Magazine article Times Educational Supplement

Guaranteed Chaos

Article excerpt

On the bus, I overheard two young teachers talking. "Mr Johnson did a learning walk today and evaluated my working wall," said one. "But at least my targets were on track and my green zone mark-ups were done." After checking with a teacher friend, I discovered that a working wall is an interactive form of wall display and a learning walk is when the headteacher visits the classroom to do a bit of observation and monitoring.

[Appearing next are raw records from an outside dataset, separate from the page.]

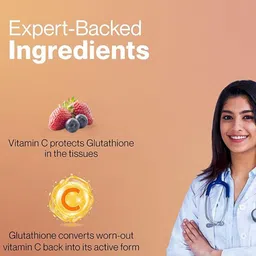 SETU Set of 3 Skin Renew Glutathione & Vit C Mixed Berry Flavour Tablets - 30 Tablets Each image 2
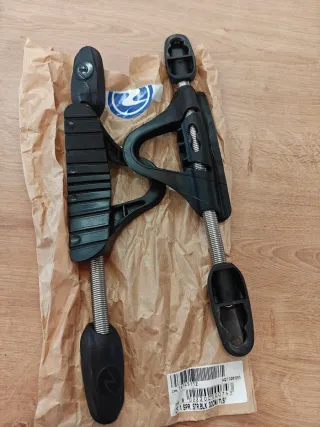 Correas aletas buceo Aqualung Shot FX X1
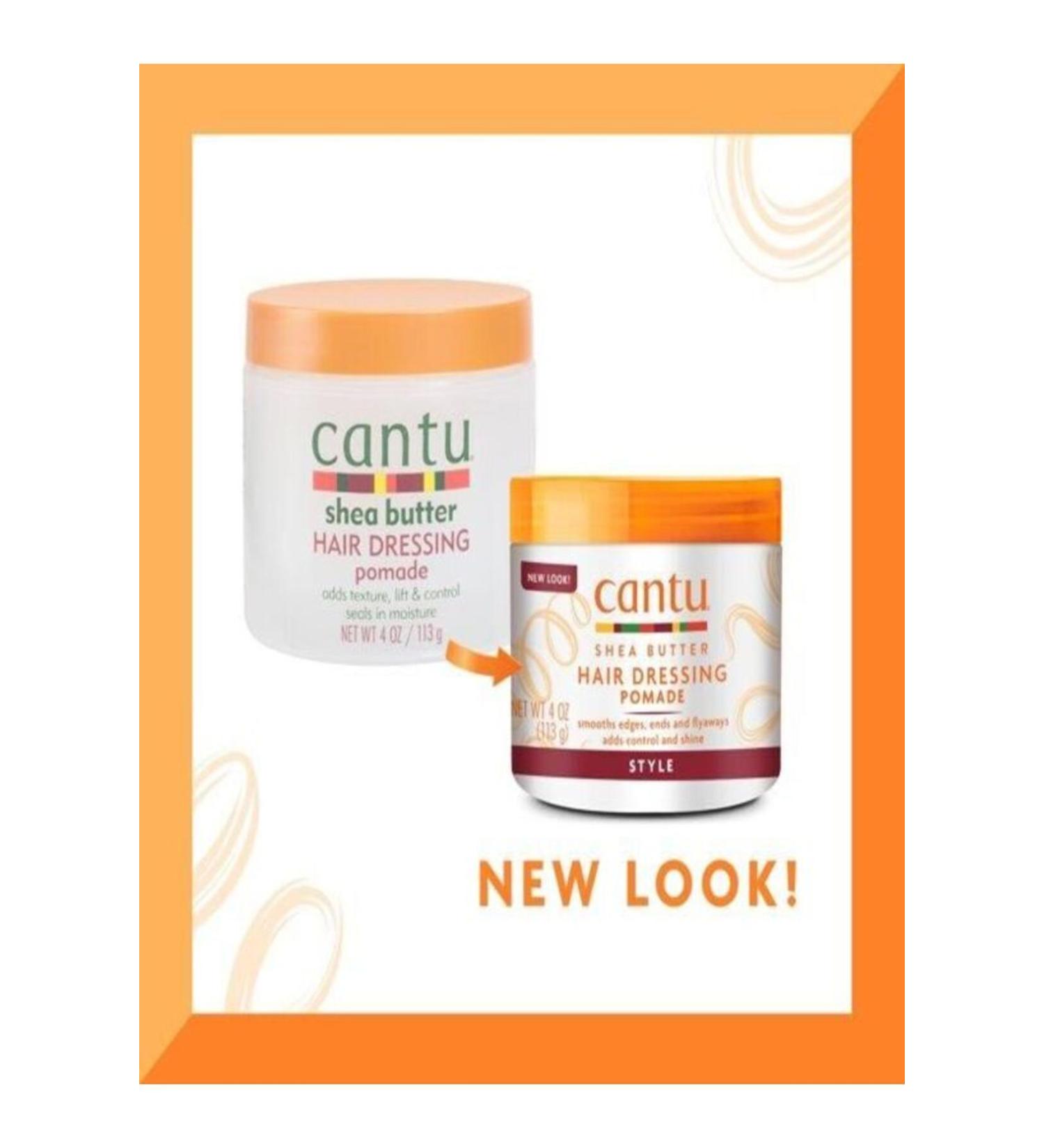 Cantu Shea Butter Cantu Hair Styling Pomade 113 gr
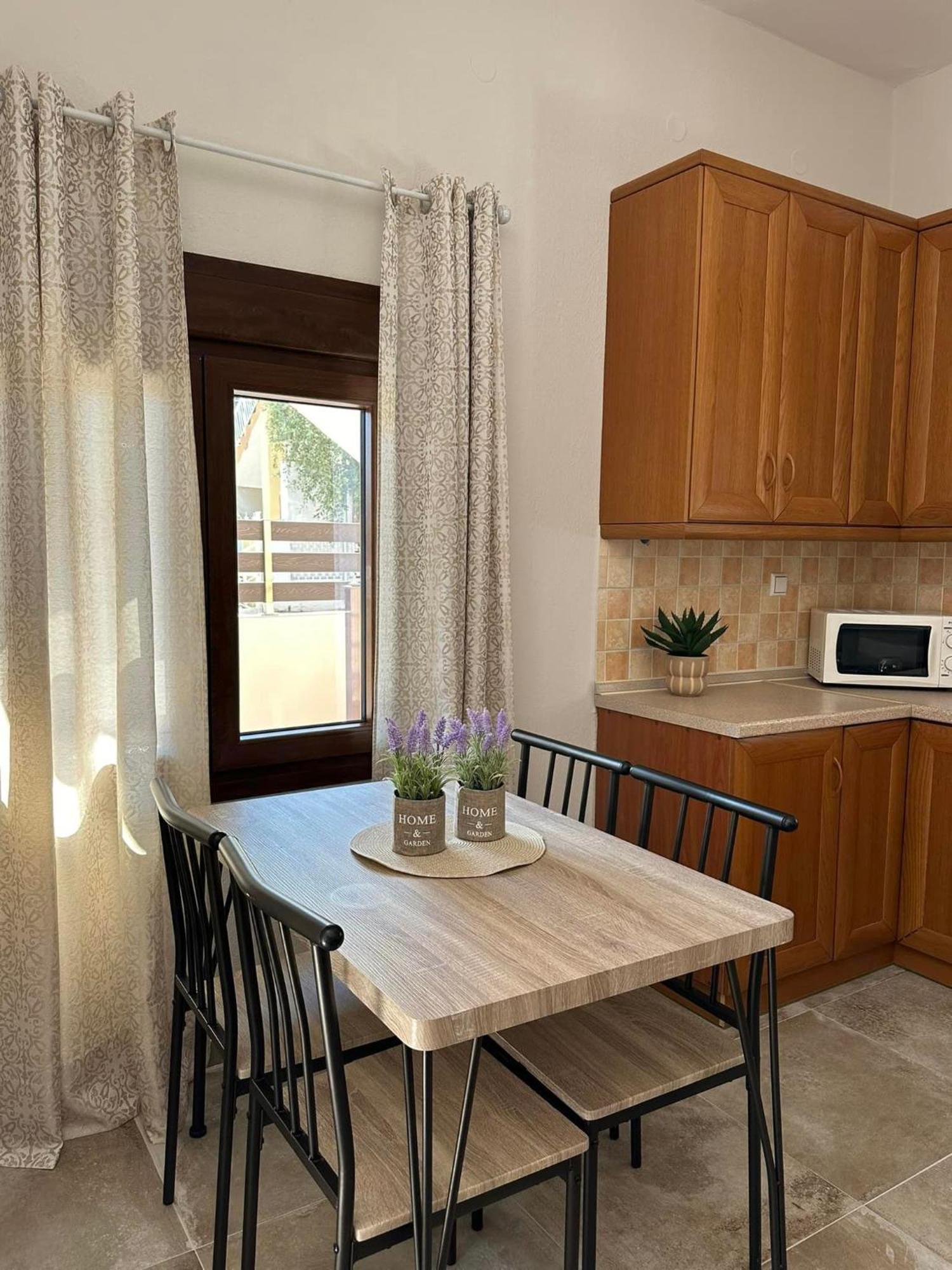 Valia House Thassos Lägenhet Skála Kallirákhis Exteriör bild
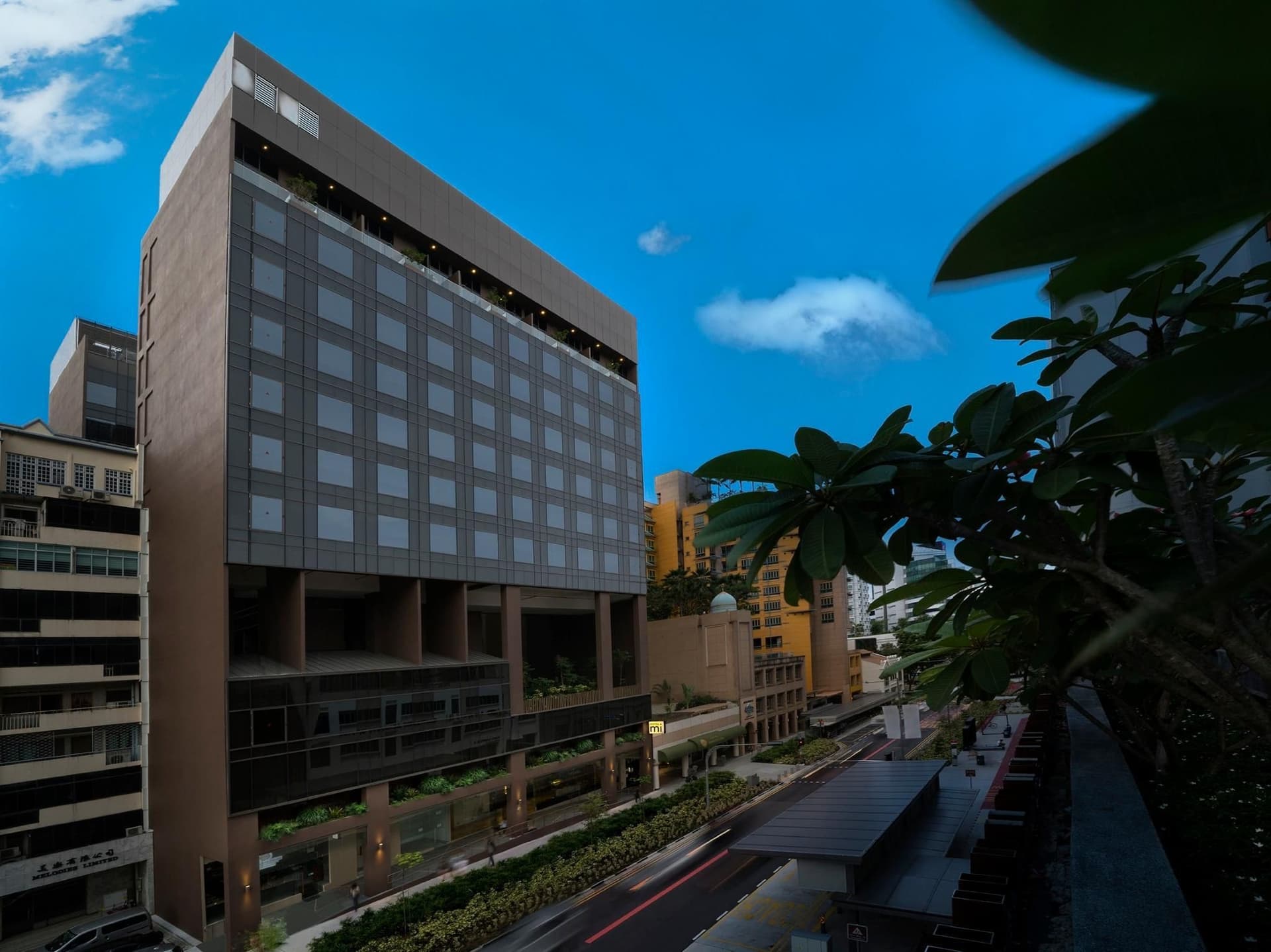 Hotel Mi Bencoolen Hotel Mi Bencoolen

The fads in primary education have never ceased to amaze me. Throughout my headship, I steered a careful course, accepting new ideas only if I thought they would truly benefit the children. Many schemes were dreamed up by academics and civil servants who hadn't a clue about classrooms; some were actually damaging. The initial teaching alphabet, for example, was a reading system in the 1960s that had more than 40 characters to represent sounds and vowel combinations. Children were expected to start on this before moving to conventional English. It wrecked the reading and spelling chances of hundreds of students.

In the 1970s, we had the integrated day and vertical grouping, where classes would often consist of children of mixed ages. The Plowden report of 1967 had encouraged individual learning arising from a child's interests, and the theory was that the skills of older children would be beneficial to younger ones. The teacher was expected to accommodate a host of different activities simultaneously - a recipe for classroom chaos.

In the 1980s there was a drive for learning to read using "real books", which at least grew from a genuinely clever idea. …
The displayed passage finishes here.